**To do**
Reproduce verbatim the lines of the material below, starting at the line with "Quần thể là gì? Các đặc trưng của quần thể?" and ending at the line with "Verkauf - Wohnung", both inclusive; skip the rest.
*** Opening of Information supplied ***
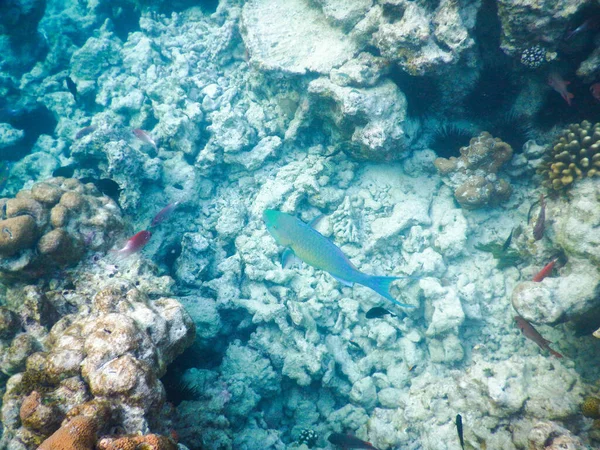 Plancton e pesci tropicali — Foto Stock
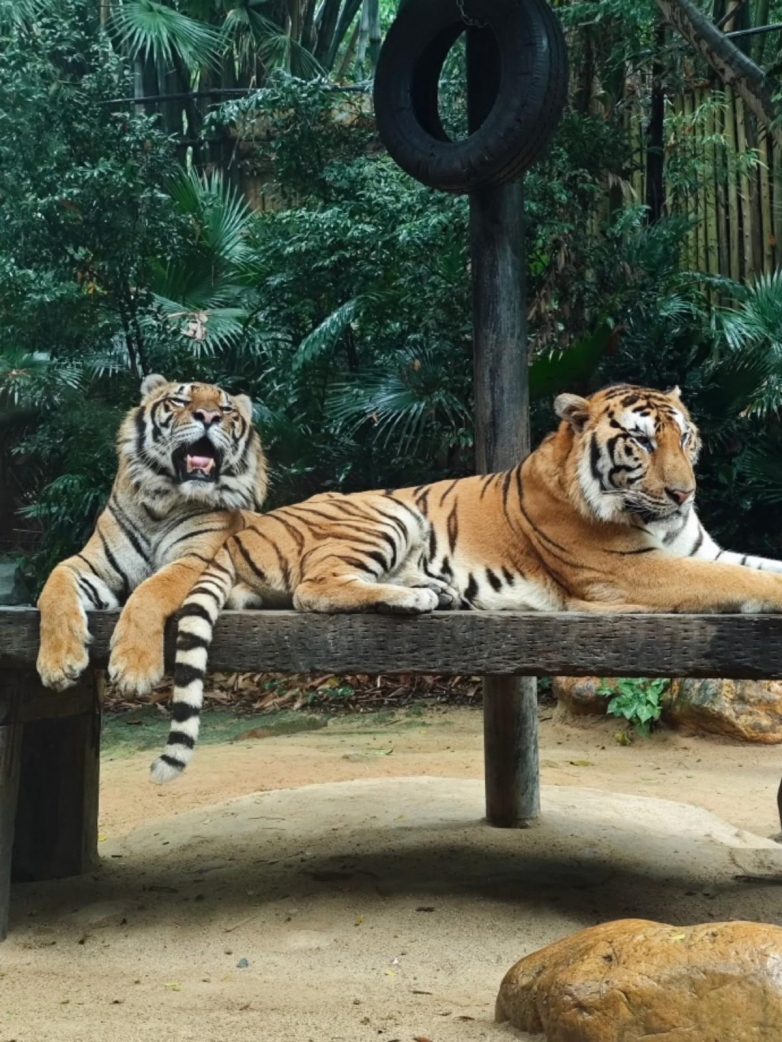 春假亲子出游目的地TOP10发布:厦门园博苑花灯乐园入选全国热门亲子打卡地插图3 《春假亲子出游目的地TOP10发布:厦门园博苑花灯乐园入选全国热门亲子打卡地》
*** Close of Information supplied ***
*** Opening of Information supplied ***
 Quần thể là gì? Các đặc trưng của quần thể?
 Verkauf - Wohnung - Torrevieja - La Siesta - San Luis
*** Close of Information supplied ***
**Solution to the exercise**
 Quần thể là gì? Các đặc trưng của quần thể?
 Verkauf - Wohnung - Torrevieja - La Siesta - San Luis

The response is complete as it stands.